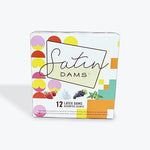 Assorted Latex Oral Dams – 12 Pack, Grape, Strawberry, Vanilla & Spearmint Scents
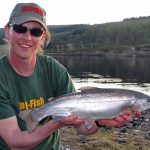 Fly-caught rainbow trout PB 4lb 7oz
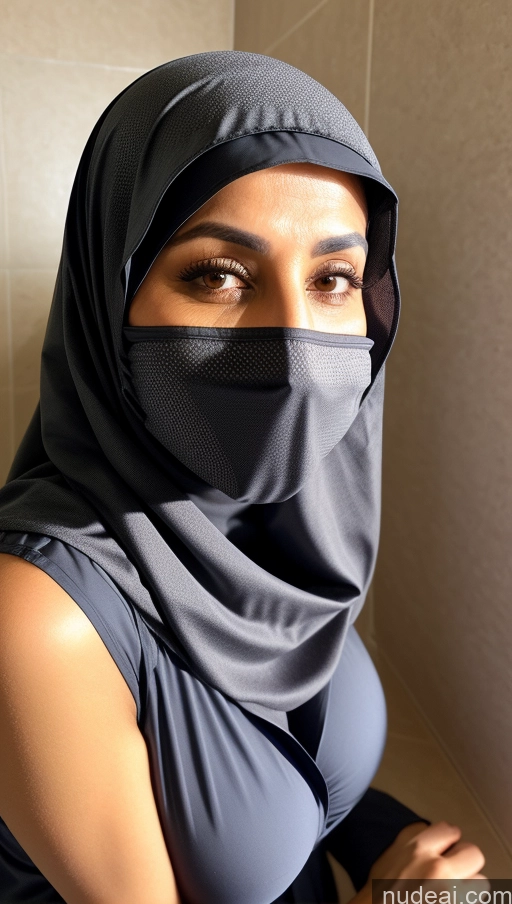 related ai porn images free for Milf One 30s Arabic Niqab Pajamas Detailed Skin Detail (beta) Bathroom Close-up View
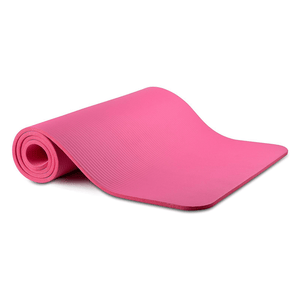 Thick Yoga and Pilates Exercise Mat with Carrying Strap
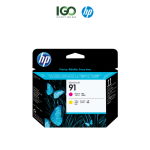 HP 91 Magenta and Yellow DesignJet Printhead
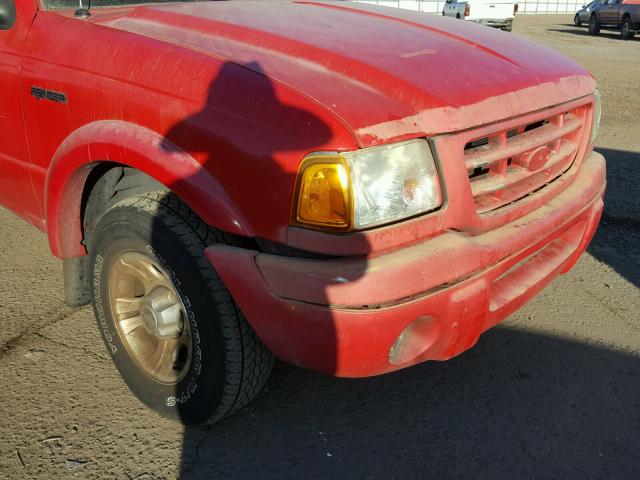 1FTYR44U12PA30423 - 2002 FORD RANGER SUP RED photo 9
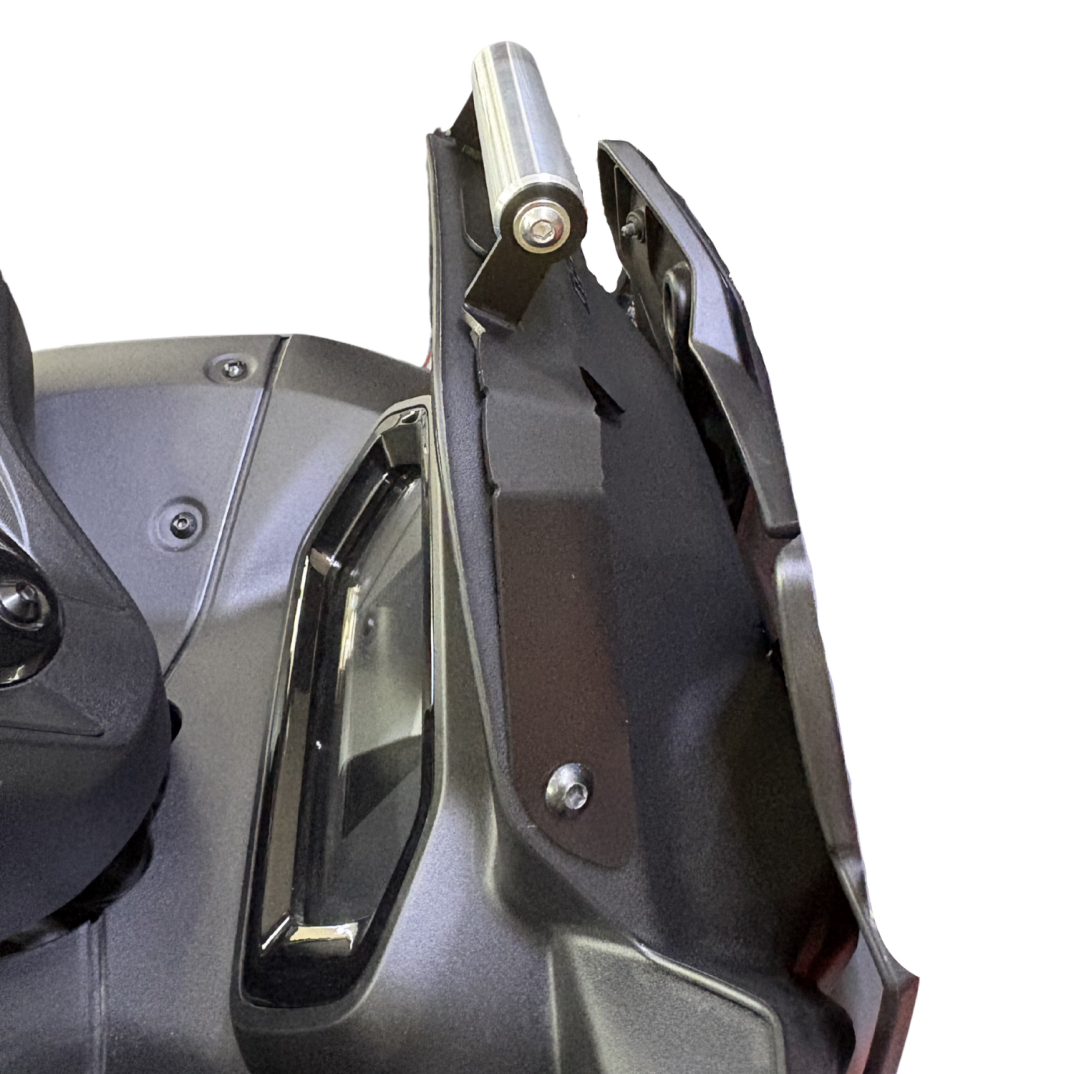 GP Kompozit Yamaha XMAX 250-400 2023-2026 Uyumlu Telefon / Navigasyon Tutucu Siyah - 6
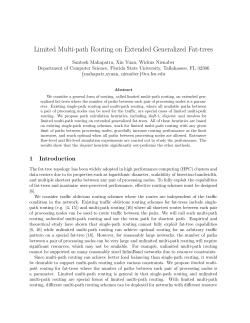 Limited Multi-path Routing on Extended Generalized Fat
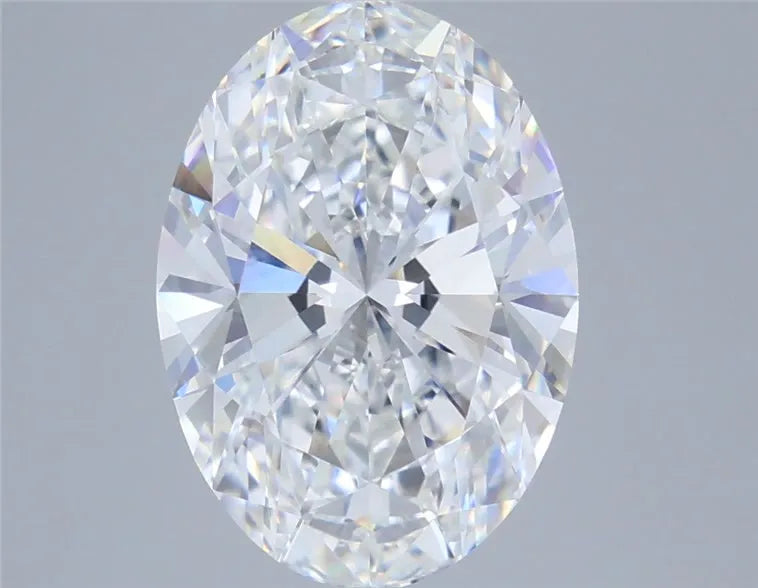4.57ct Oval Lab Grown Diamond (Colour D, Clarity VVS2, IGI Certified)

# # # # #

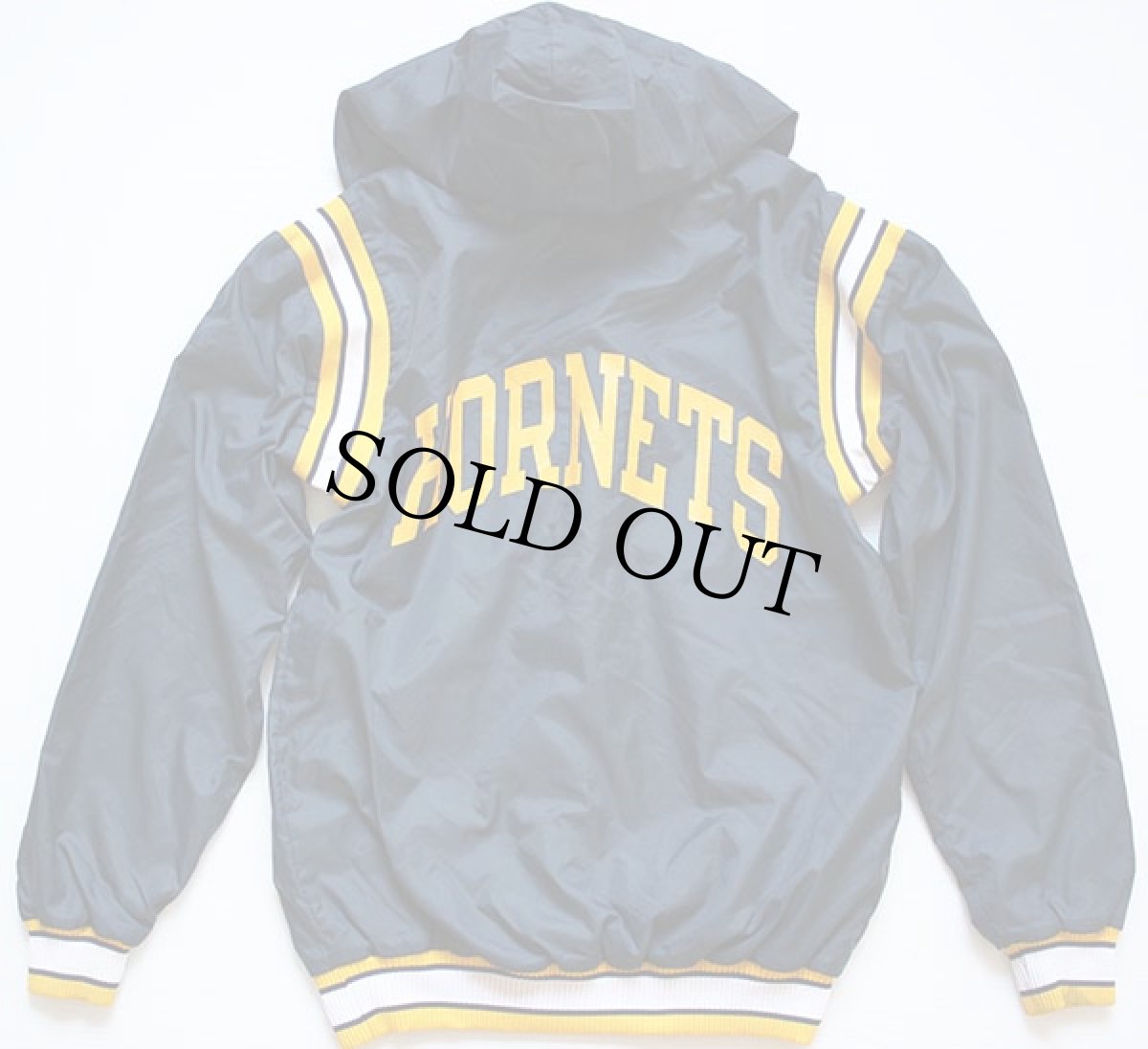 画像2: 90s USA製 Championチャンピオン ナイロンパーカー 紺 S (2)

# # # # #

### Task goal
Above are some entries. Restate word for word the lines from the one holding "related ai porn" through the one holding "1FTYR44U12PA30423 - 2002", but not the pictures.

### Your response
 related ai porn images free for Milf One 30s Arabic Niqab Pajamas Detailed Skin Detail (beta) Bathroom Close-up View
 Thick Yoga and Pilates Exercise Mat with Carrying Strap
 HP 91 Magenta and Yellow DesignJet Printhead
 1FTYR44U12PA30423 - 2002 FORD RANGER SUP RED photo 9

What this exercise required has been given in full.